_Your assignment_
Transcribe nothing except the lines below that run from the one with "Cute French Bulldog" to the one with "Poster Key West Beach (Devant)", ends included, and do not copy any picture.

_Dataset records_
####################
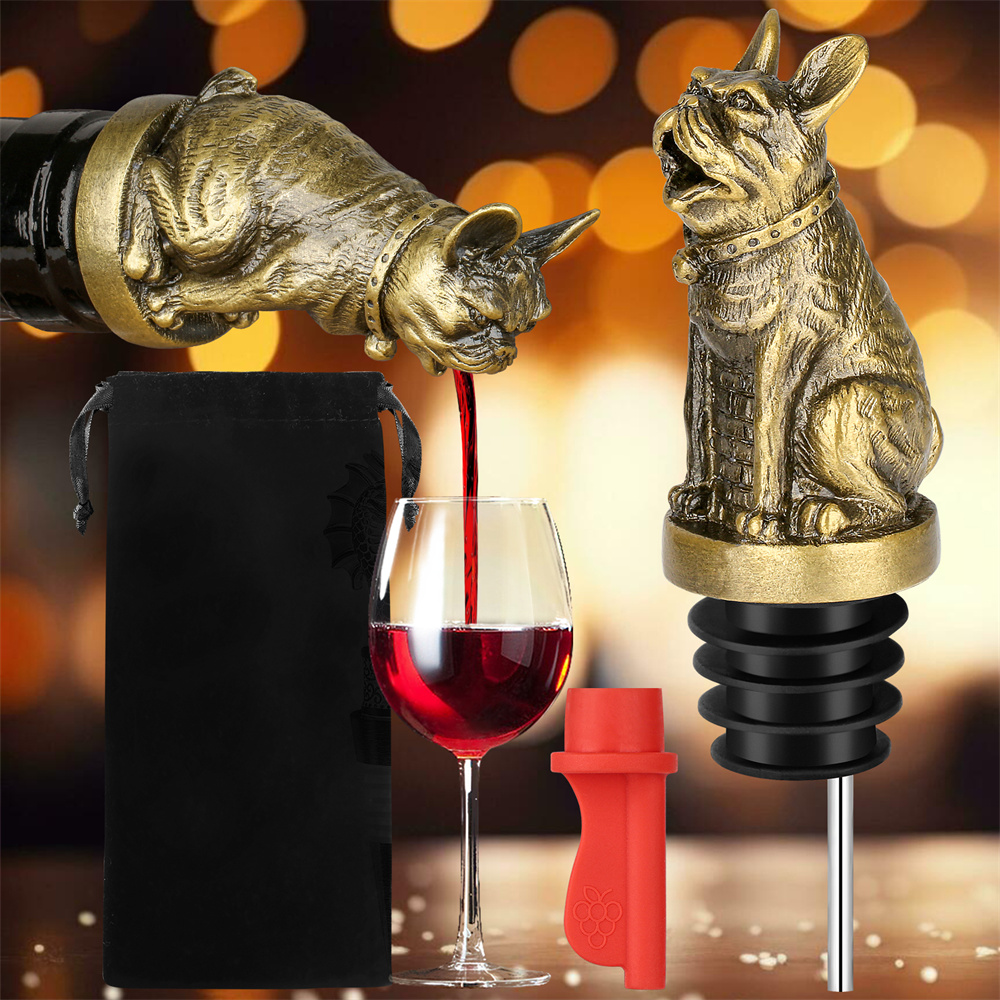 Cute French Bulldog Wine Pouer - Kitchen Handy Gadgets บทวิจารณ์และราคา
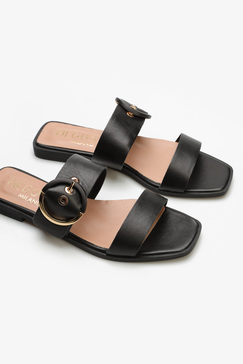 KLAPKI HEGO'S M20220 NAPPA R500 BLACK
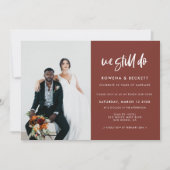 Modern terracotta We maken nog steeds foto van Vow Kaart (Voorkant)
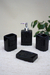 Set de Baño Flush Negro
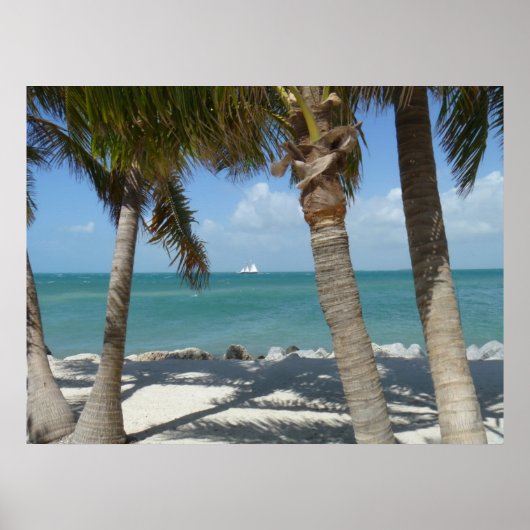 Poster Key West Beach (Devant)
####################
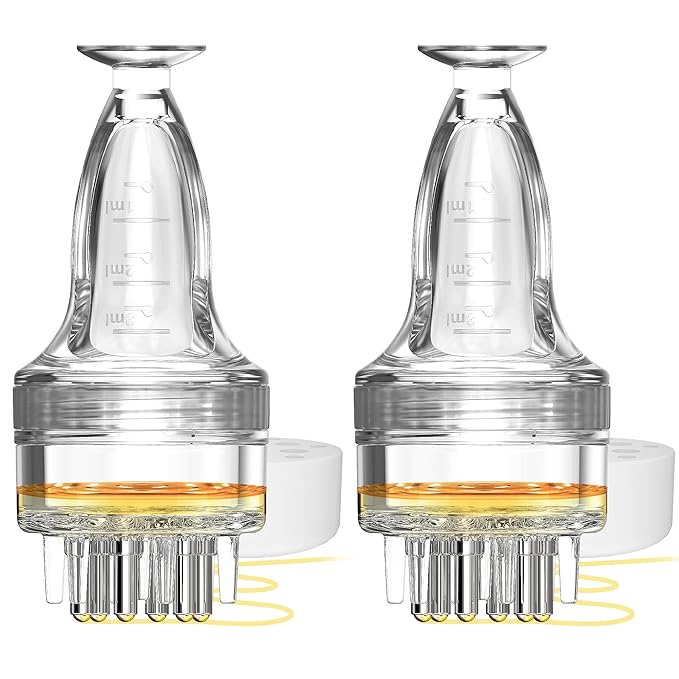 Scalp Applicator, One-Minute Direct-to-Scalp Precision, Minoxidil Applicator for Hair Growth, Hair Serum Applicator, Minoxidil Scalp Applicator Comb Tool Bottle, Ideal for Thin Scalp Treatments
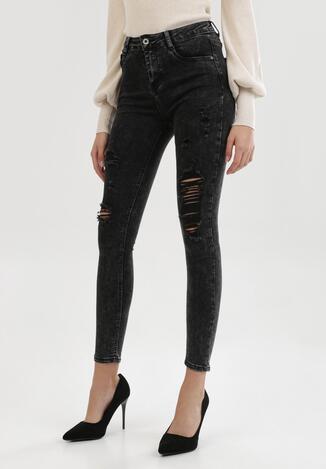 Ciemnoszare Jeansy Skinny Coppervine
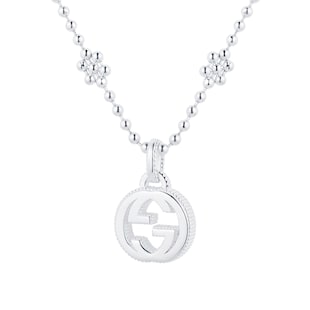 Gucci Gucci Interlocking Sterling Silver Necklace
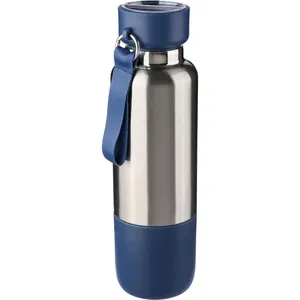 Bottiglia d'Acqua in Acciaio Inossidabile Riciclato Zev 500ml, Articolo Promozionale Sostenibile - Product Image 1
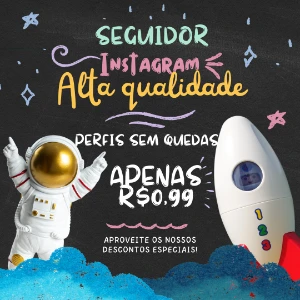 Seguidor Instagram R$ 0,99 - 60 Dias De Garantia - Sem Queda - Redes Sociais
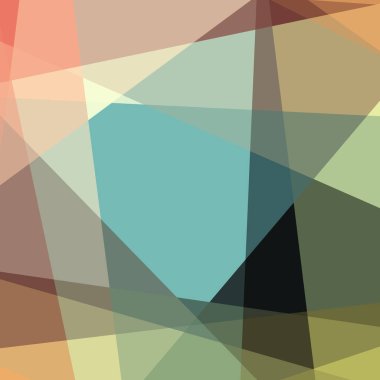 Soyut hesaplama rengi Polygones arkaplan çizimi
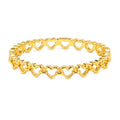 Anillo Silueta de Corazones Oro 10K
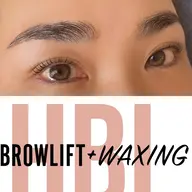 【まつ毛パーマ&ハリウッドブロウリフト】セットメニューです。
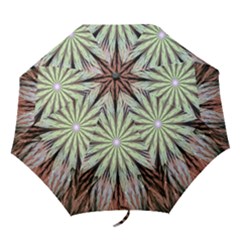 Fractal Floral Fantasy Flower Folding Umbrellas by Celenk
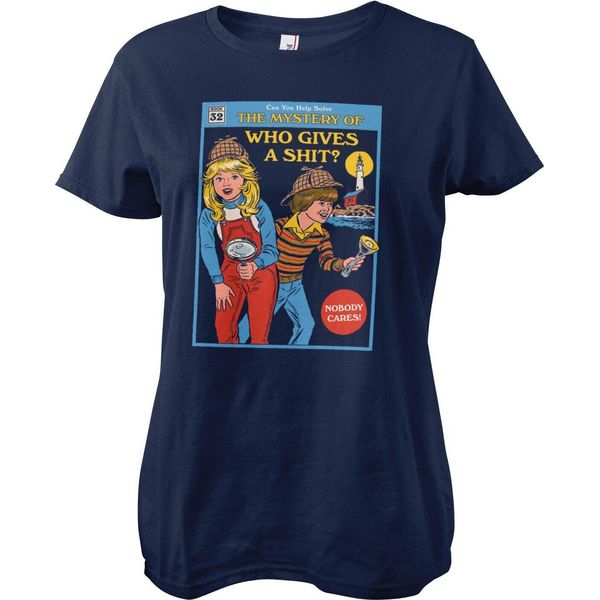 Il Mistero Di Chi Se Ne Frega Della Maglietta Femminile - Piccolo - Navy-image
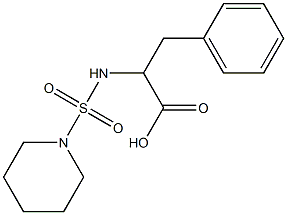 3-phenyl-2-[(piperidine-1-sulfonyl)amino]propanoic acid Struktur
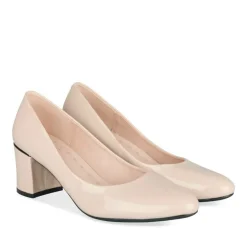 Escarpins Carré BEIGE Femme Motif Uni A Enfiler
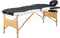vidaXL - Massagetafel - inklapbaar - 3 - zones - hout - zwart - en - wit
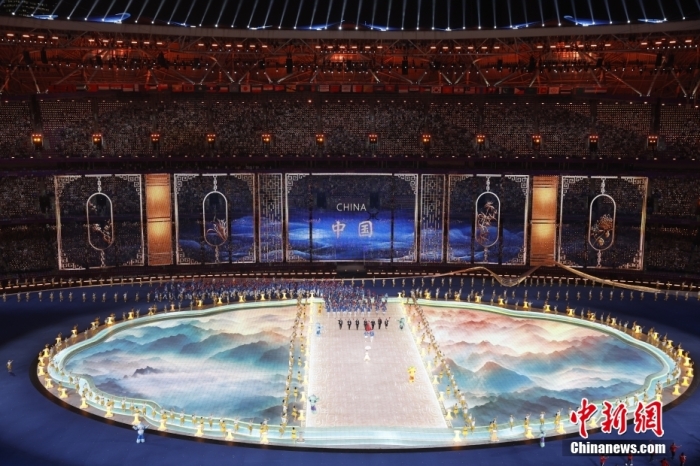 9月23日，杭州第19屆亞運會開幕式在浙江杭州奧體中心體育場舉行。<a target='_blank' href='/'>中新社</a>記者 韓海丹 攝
####################
_Result_
 Cute French Bulldog Wine Pouer - Kitchen Handy Gadgets บทวิจารณ์และราคา
 KLAPKI HEGO'S M20220 NAPPA R500 BLACK
 Modern terracotta We maken nog steeds foto van Vow Kaart (Voorkant)
 Set de Baño Flush Negro
 Poster Key West Beach (Devant)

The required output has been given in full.